Kenan Kolat (Vorsitzender Türkische Gemeinde Deutschland, 2.v.r) will ein generelles Schulfrei zum Ramadan.
Kenan Kolat (Vorsitzender Türkische Gemeinde Deutschland, 2.v.r) will ein generelles Schulfrei zum Ramadan. © WAZ

Der Zentralrat der Muslime ist gegen Schulfrei zum Ramadan. „Ich glaube, das ist kontraproduktiv“, sagt der Generalsekretär des Zentralrats, Aiman Mazyek. „Ich bin zwar dafür, muslimische Feiertage als deutsche Feiertage aufzunehmen, aber die müssen nicht unbedingt arbeitsfrei sein.“ Es sei bereits jetzt gute Tradition in vielen Schulen, dass muslimische Schüler an ihren Feiertagen schulfrei hätten. Das sollte man beibehalten.

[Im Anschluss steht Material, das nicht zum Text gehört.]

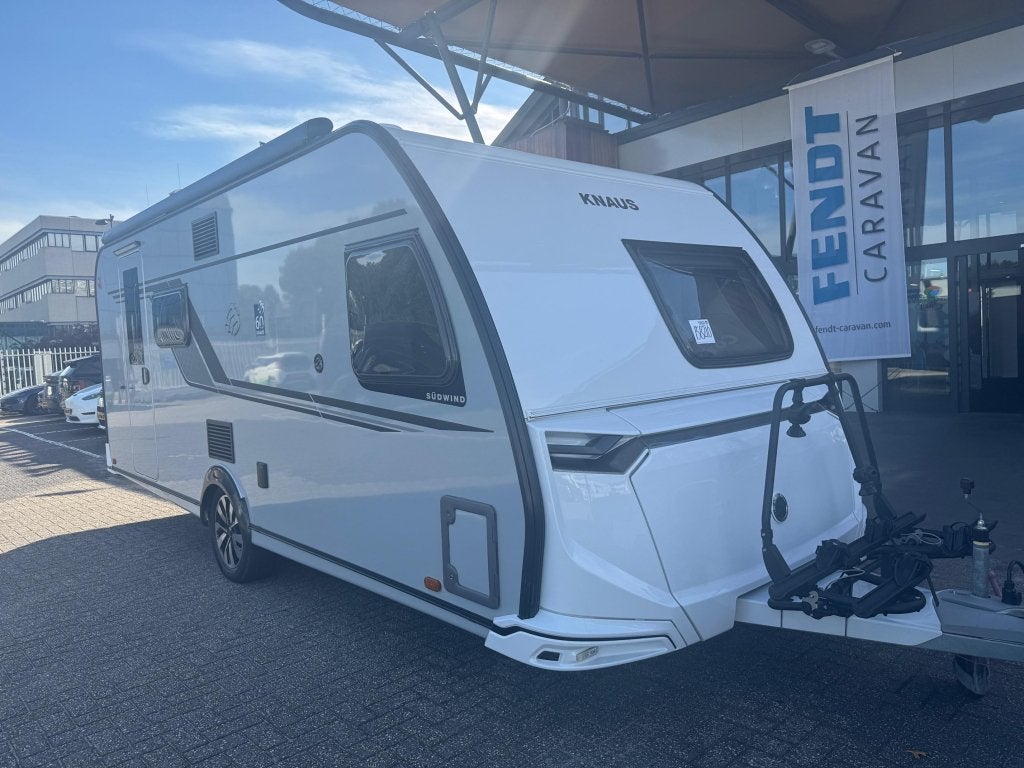 Knaus Sudwind 60 Years 550 FSK 2023 Mover,Airco,Luifel!!, Vast bed, Bedrijf, Treinzit, Fietsenrek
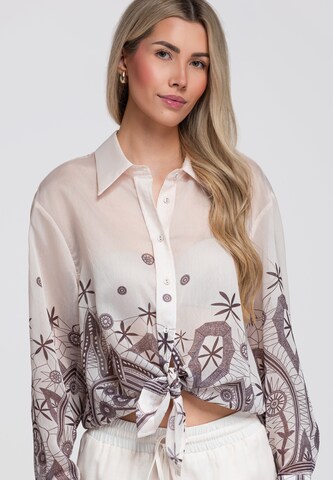 Ombre Blouse 'OW-SH-E0061' in Beige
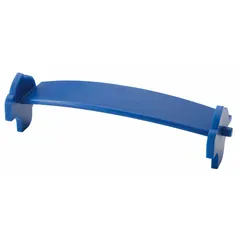 Airflow deflector accessory for 3M PAPR blowers. Includes four-point textile straps for secure attachment. Redirects airflow to improve user comfort and fit in powered air-purifying respirator systems.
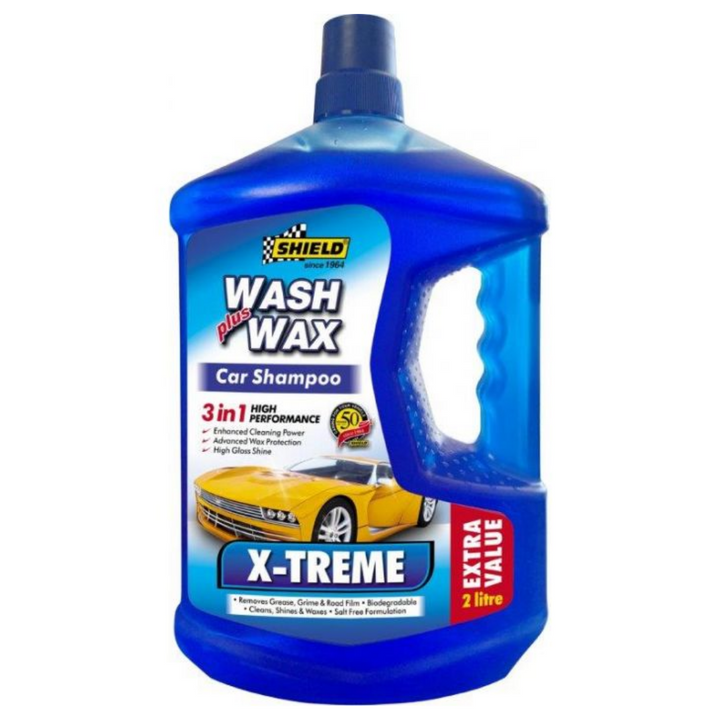Shield Xtreme Car Shampoo Plus Wax - 2 Litres sh177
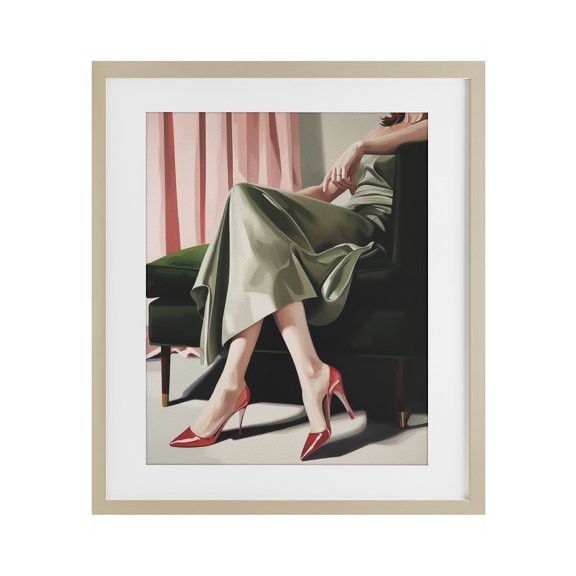 Stupell Industries Contemporary Waiting For The Guests Birch Framed Print Under Glass, 13 x 16, by Andreas Magnusson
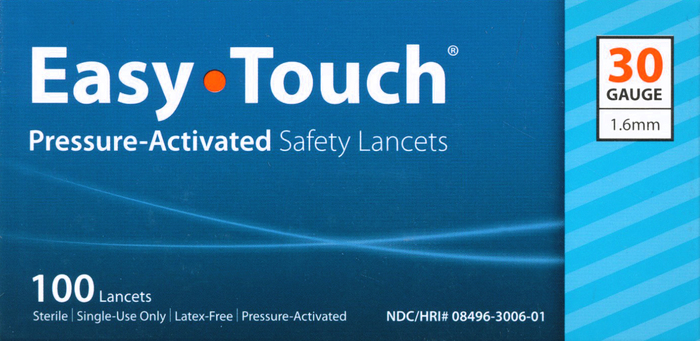 Easy Touch Lancets Pressure Activated 30G 100ct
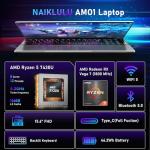 NAIKLULU 15.6" Gaming Laptop with 32GB RAM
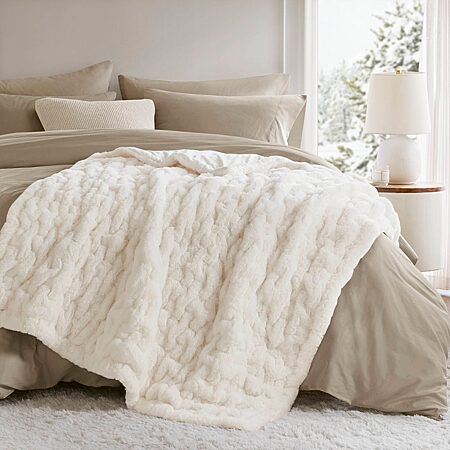 Fieldcrest Diamond Mink Throw - JCPenney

In eine ähnliche Richtung argumentiert auch die türkischstämmige Kölner Politikerin Lale Akgün, die mit der neuen Legislaturperiode aus dem Bundestag ausscheidet. „Wir brauchen keinen weiteren schulfreien Tag. Schließlich leben in Deutschland nicht nur Christen und Muslime. Wir können ja jetzt nicht jeder religiösen Gruppe schulfrei geben.“ Das NRW-Schulgesetz biete Eltern und Schülern ausreichend Möglichkeiten, an ihren religiösen Feiertagen zu Hause zu bleiben. Außerdem, sagt Akgün, zeige die Erfahrung, dass auch viele muslimische Kinder an den Feiertagen in die Schule kommen. Schon allein aus dem Grund, dass die Eltern selbst arbeiten müssten.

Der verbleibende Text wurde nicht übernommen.